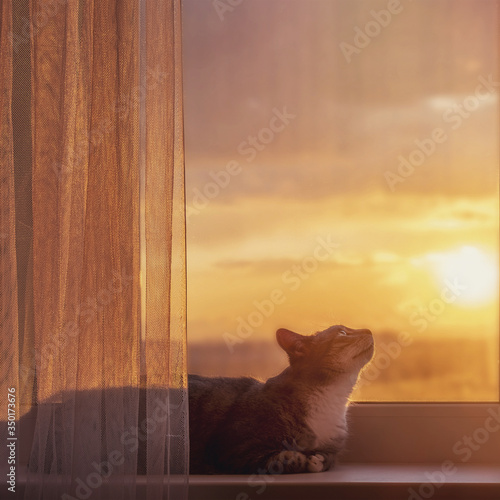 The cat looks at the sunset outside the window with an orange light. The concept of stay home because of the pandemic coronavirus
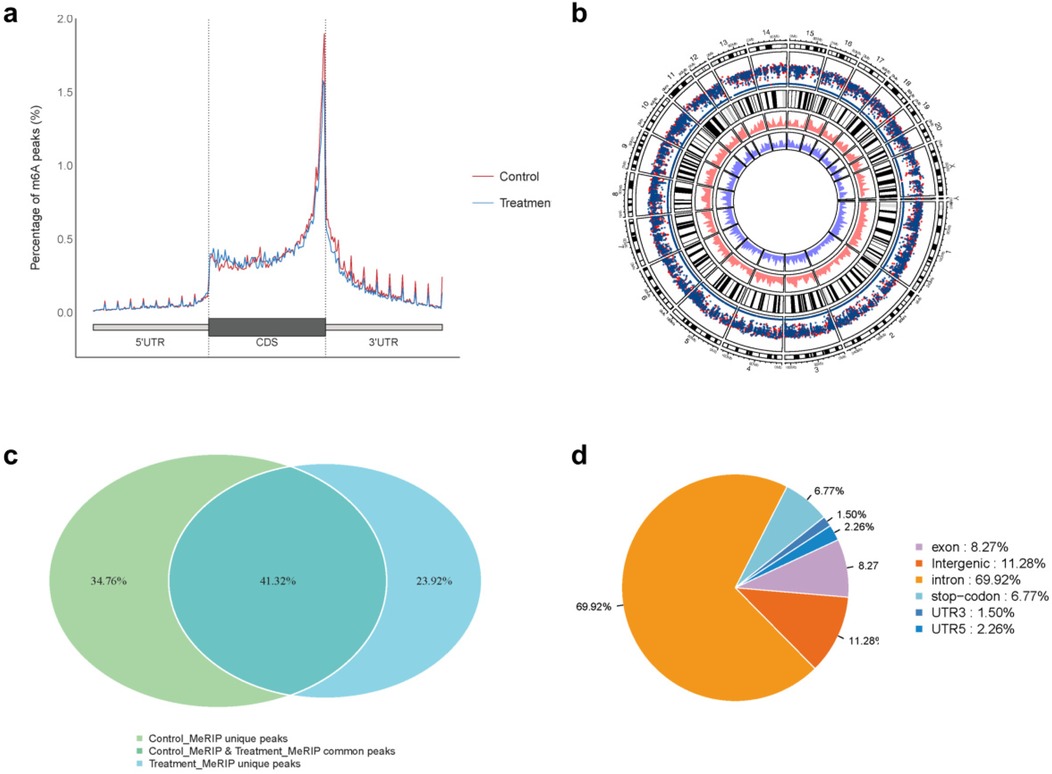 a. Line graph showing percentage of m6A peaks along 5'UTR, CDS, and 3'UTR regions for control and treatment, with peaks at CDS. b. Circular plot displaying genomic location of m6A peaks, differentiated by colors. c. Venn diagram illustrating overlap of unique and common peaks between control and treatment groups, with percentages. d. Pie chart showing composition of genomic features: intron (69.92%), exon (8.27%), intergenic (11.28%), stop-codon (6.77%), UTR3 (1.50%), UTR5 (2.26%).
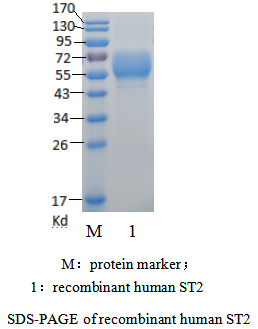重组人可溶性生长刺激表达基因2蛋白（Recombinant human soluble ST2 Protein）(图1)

---

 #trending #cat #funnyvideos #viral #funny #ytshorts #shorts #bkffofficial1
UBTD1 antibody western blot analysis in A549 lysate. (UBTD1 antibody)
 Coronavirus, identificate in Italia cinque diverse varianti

==

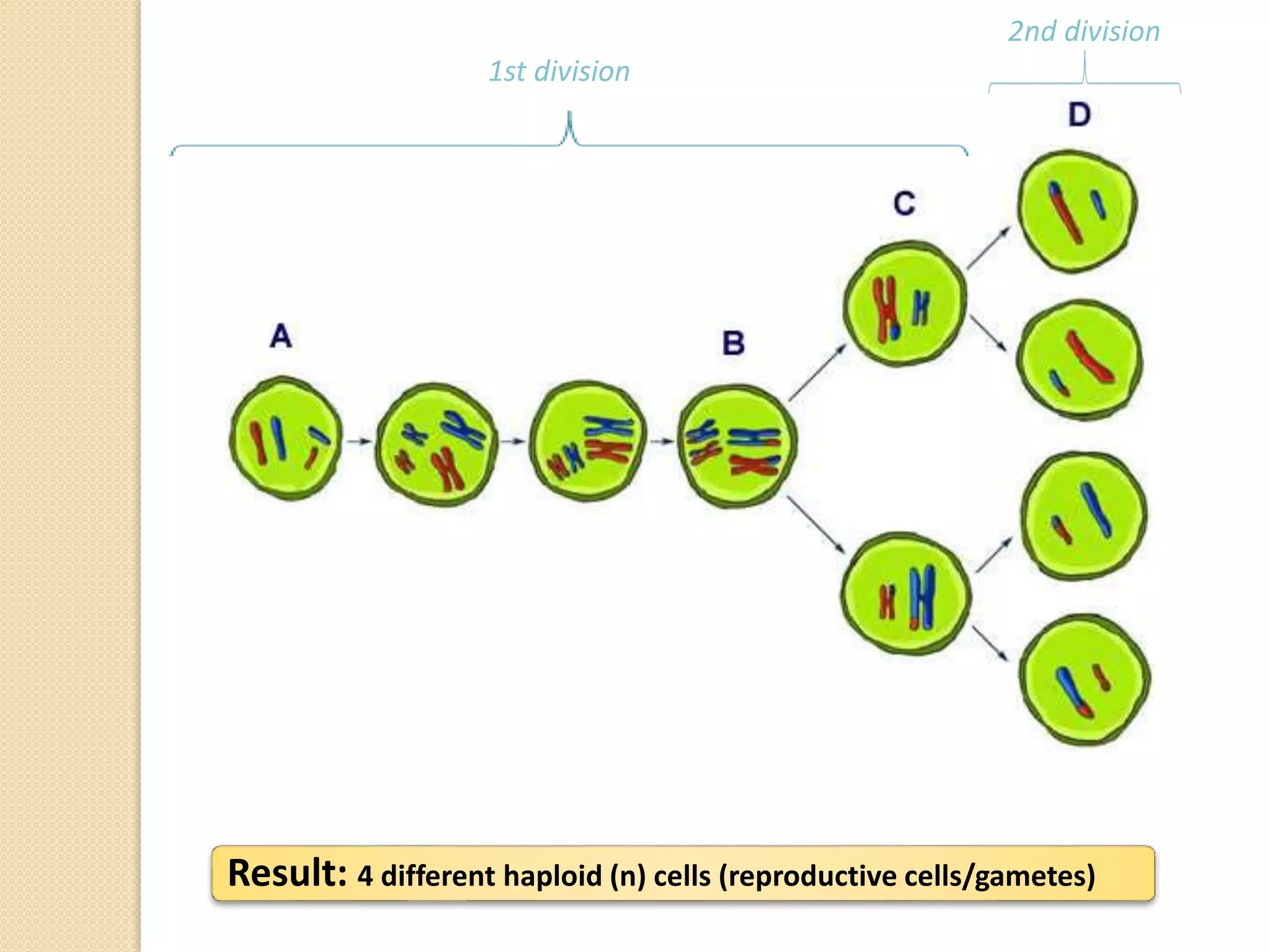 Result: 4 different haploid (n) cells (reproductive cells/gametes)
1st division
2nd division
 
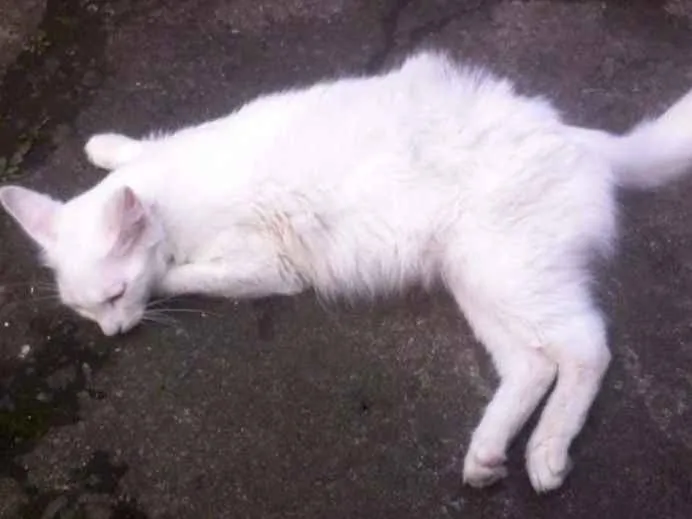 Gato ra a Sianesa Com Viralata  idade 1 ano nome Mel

[ASSIGNMENT]: Here the job is to copy the listing above word for word, starting at the line with "The cat looks" and ending at the line with "重组人可溶性生长刺激表达基因2蛋白（Recombinant human soluble", and to leave out the pictures.

[ANSWER BOX]:
 The cat looks at the sunset outside the window with an orange light. The concept of stay home because of the pandemic coronavirus
 a. Line graph showing percentage of m6A peaks along 5'UTR, CDS, and 3'UTR regions for control and treatment, with peaks at CDS. b. Circular plot displaying genomic location of m6A peaks, differentiated by colors. c. Venn diagram illustrating overlap of unique and common peaks between control and treatment groups, with percentages. d. Pie chart showing composition of genomic features: intron (69.92%), exon (8.27%), intergenic (11.28%), stop-codon (6.77%), UTR3 (1.50%), UTR5 (2.26%).
重组人可溶性生长刺激表达基因2蛋白（Recombinant human soluble ST2 Protein）(图1)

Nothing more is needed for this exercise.